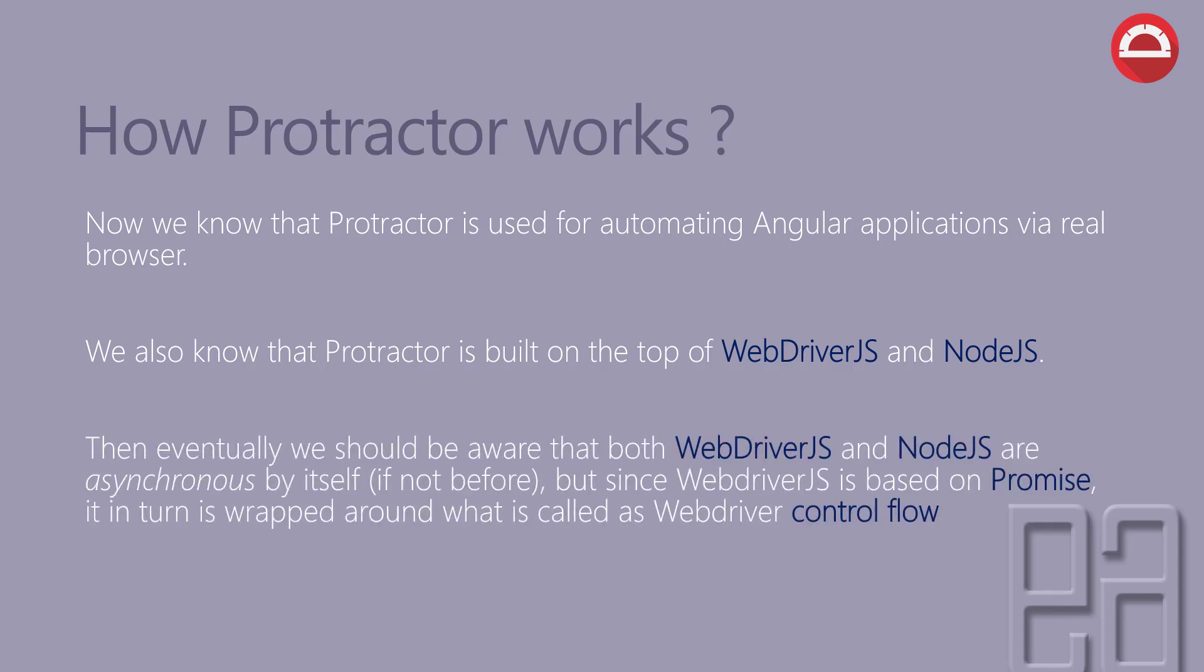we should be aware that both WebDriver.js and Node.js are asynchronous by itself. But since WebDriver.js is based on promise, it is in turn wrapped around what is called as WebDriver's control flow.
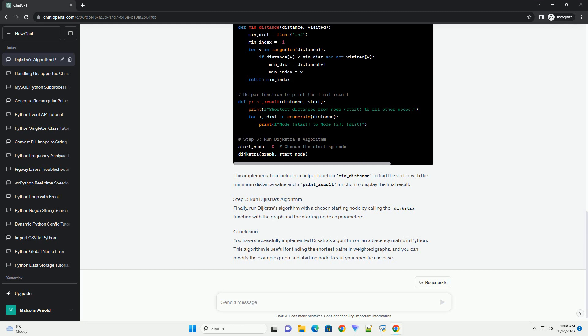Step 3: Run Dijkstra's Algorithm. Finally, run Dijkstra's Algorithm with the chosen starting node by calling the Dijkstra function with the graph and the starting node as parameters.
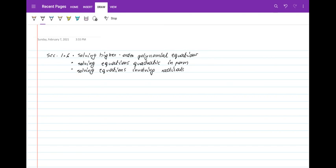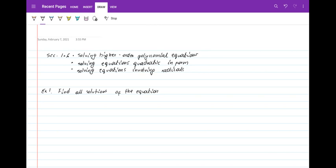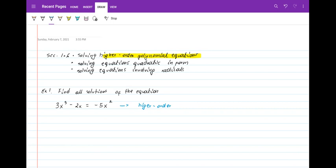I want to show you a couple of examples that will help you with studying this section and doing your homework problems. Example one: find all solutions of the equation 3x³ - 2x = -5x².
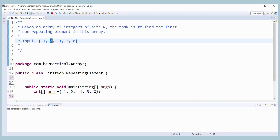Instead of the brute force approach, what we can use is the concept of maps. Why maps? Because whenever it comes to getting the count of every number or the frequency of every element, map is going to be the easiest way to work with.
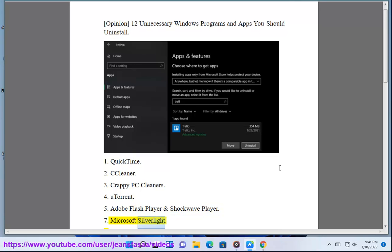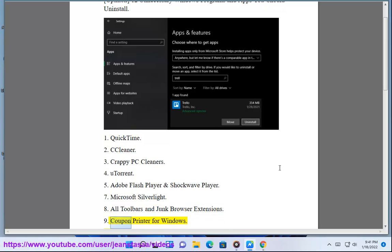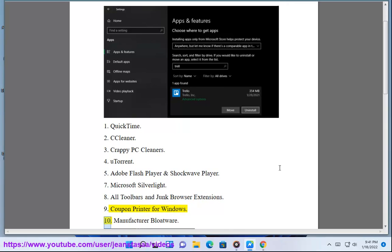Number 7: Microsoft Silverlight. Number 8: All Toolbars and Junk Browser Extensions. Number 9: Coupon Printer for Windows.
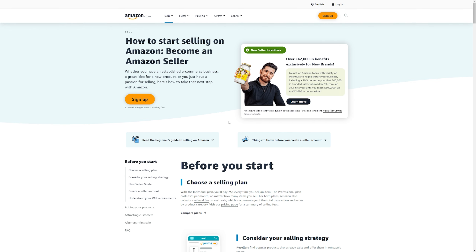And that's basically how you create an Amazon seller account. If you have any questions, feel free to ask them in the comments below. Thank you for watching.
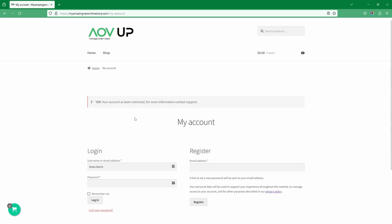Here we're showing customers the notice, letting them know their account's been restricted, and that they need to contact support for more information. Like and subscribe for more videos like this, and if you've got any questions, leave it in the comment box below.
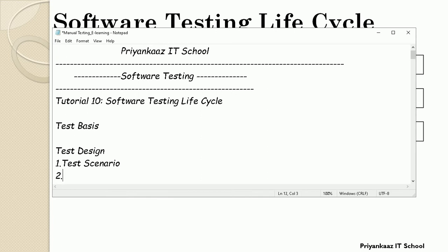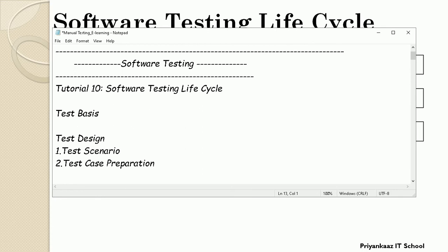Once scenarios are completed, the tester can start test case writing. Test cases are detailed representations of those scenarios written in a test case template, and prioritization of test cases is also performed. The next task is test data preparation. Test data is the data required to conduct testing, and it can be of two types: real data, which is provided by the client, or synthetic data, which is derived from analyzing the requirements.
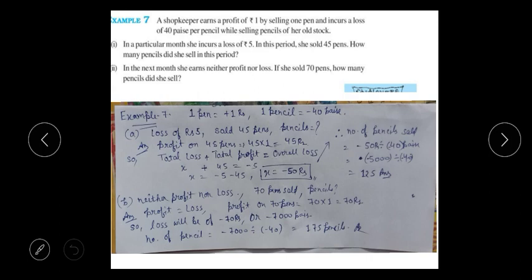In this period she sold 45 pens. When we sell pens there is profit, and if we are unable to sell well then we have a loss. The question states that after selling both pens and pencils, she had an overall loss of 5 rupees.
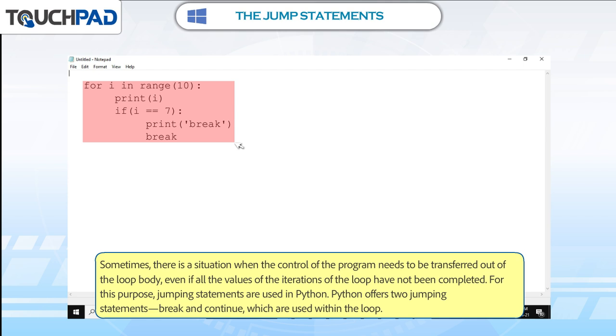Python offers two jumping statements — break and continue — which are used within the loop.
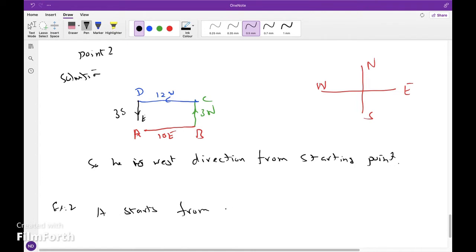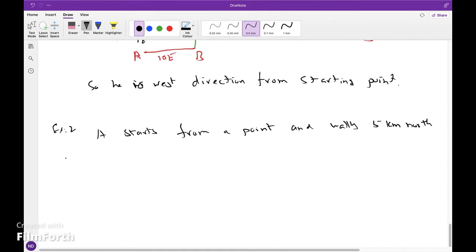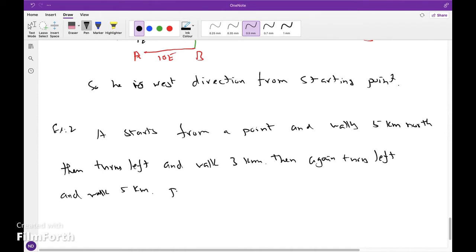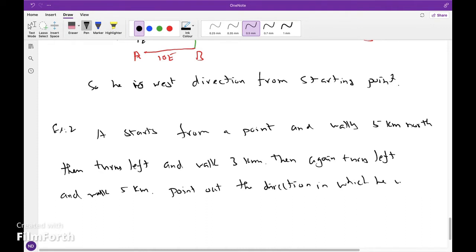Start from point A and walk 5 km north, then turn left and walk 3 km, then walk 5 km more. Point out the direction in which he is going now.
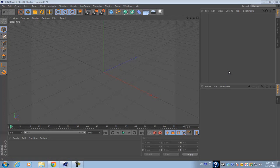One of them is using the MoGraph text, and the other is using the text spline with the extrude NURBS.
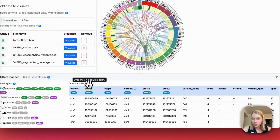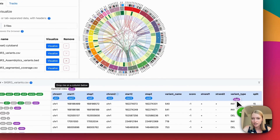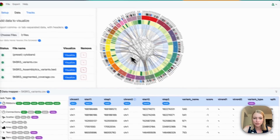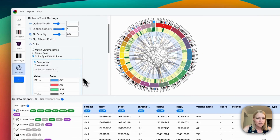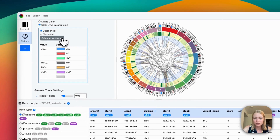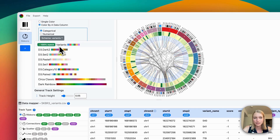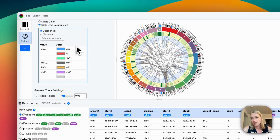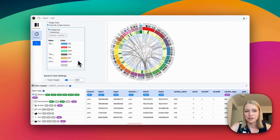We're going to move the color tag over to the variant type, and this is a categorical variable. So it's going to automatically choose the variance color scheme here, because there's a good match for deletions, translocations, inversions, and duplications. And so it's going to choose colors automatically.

.....

• _REQUIRED WORK_:
Above are some records. Output exactly the lines from the one that contains "Instead of the" to the one that contains "Here we're showing", keeping both, and omit the pictures.

• _REPLY TO THE EXERCISE_:
Instead of the brute force approach, what we can use is the concept of maps. Why maps? Because whenever it comes to getting the count of every number or the frequency of every element, map is going to be the easiest way to work with.
Number 7: Microsoft Silverlight. Number 8: All Toolbars and Junk Browser Extensions. Number 9: Coupon Printer for Windows.
And that's basically how you create an Amazon seller account. If you have any questions, feel free to ask them in the comments below. Thank you for watching.
Here we're showing customers the notice, letting them know their account's been restricted, and that they need to contact support for more information. Like and subscribe for more videos like this, and if you've got any questions, leave it in the comment box below.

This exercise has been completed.